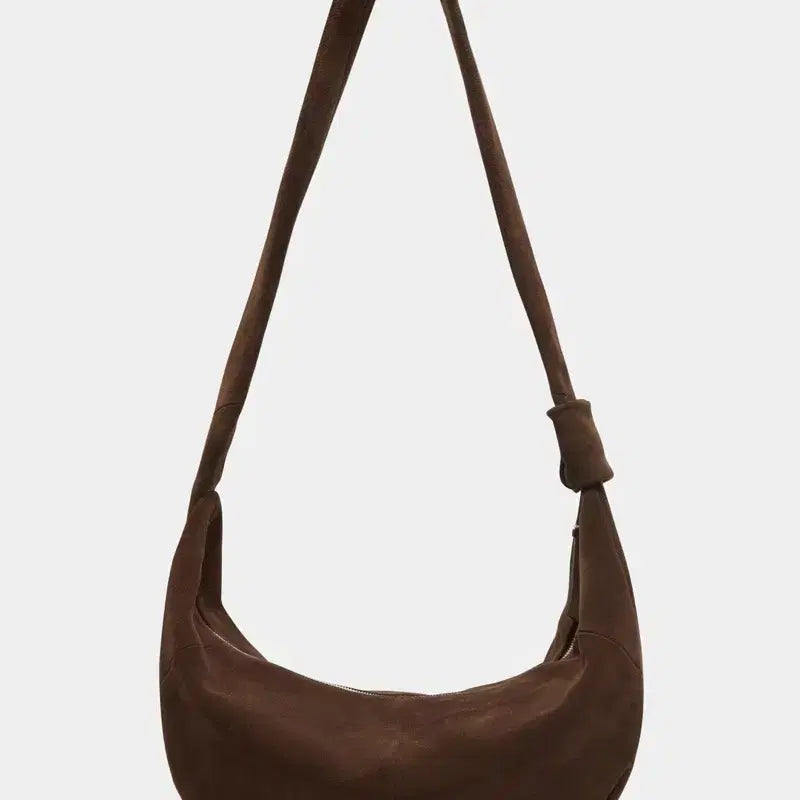 [BUNJANG] Couronne Poser Bow Suede Crossbody Bag / 쿠론 포제르 보우 스웨이드 크로스가방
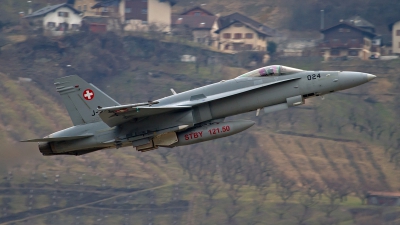 Photo ID 152732 by Niels Roman / VORTEX-images. Switzerland Air Force McDonnell Douglas F A 18C Hornet, J 5024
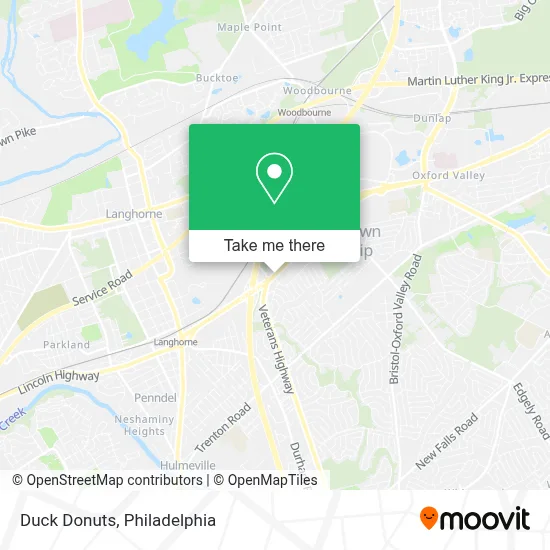 Duck Donuts map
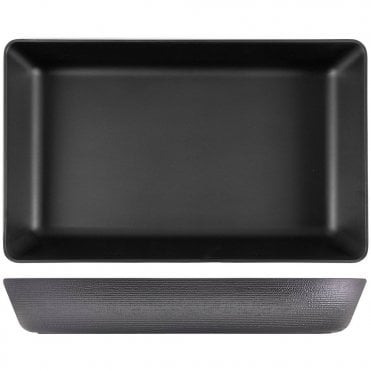 GenWare Melamine Black Jute Deep Dish GN 1/1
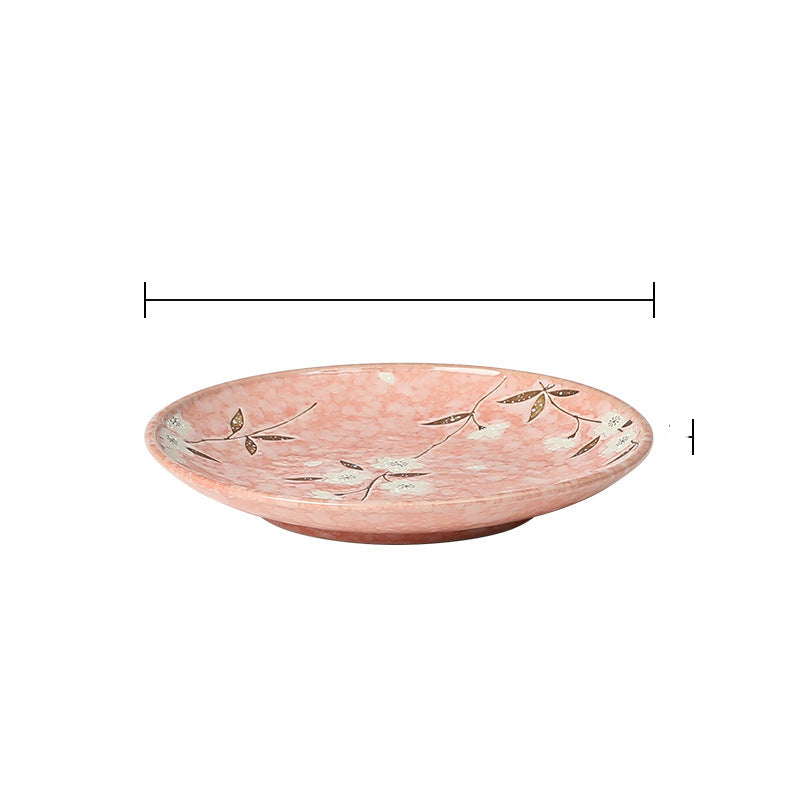 Japanese-style Tableware Plate Steak Plate Dinner Plate Flat Plate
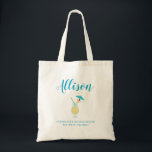 Piña Colada Tropical Wedding Bridesmaid Tote Bag<br><div class="desc">Fill this lovely bag with the accessories your girls need for your bachelorette or wedding weekend!</div>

### What you have to do
Your task is to reproduce exactly the lines from the start of the data above through the line containing "Japanese-style Tableware Plate", leaving every picture out.

### Response to the task
 [BUNJANG] Couronne Poser Bow Suede Crossbody Bag / 쿠론 포제르 보우 스웨이드 크로스가방
 Photo ID 152732 by Niels Roman / VORTEX-images. Switzerland Air Force McDonnell Douglas F A 18C Hornet, J 5024
 Duck Donuts map
 GenWare Melamine Black Jute Deep Dish GN 1/1
 Japanese-style Tableware Plate Steak Plate Dinner Plate Flat Plate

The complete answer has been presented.